* Entries provided *

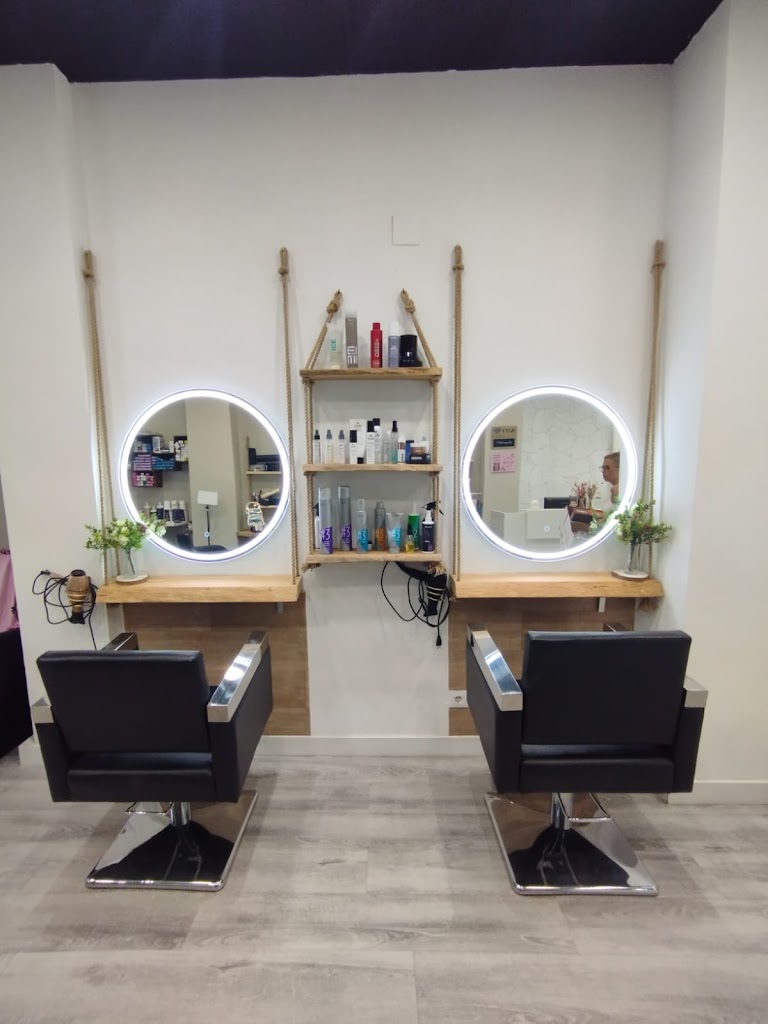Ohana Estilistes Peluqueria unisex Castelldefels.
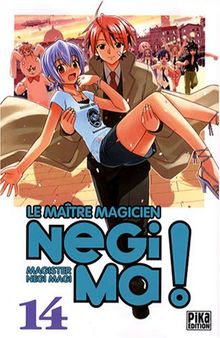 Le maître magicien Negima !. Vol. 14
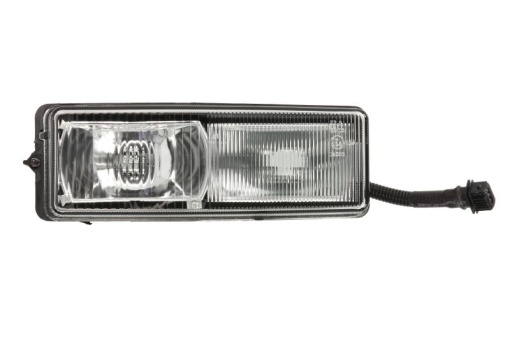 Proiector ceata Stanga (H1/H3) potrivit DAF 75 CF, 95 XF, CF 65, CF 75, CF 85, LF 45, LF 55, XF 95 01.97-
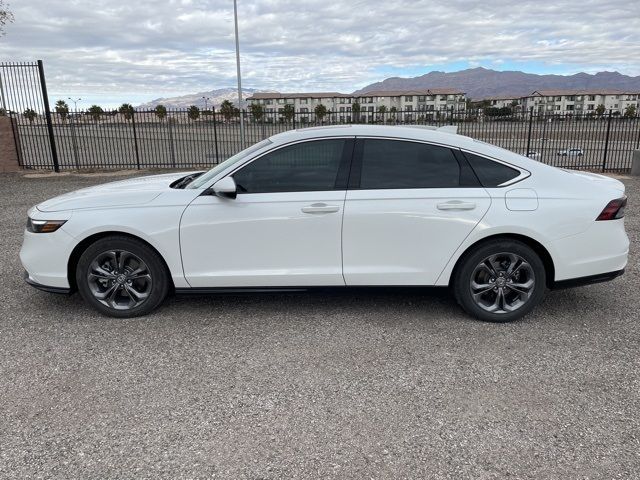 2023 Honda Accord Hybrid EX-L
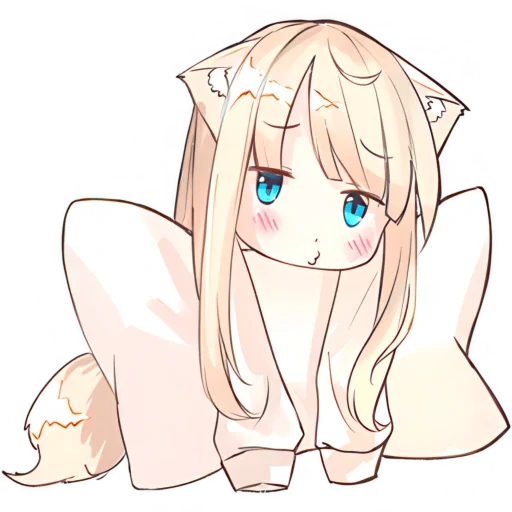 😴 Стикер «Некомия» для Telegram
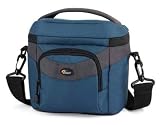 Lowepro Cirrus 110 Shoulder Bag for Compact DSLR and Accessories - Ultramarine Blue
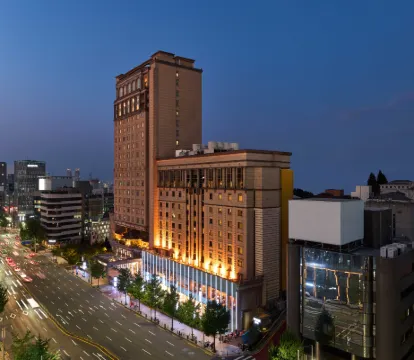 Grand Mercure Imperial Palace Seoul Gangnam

* Task prompt *
Each line from the one containing "2023 Honda Accord Hybrid EX-L" through the last line of the data should be written out exactly. Skip the pictures, and add no other lines.

* Answer to this problem *
 2023 Honda Accord Hybrid EX-L
 😴 Стикер «Некомия» для Telegram
 Lowepro Cirrus 110 Shoulder Bag for Compact DSLR and Accessories - Ultramarine Blue
 Grand Mercure Imperial Palace Seoul Gangnam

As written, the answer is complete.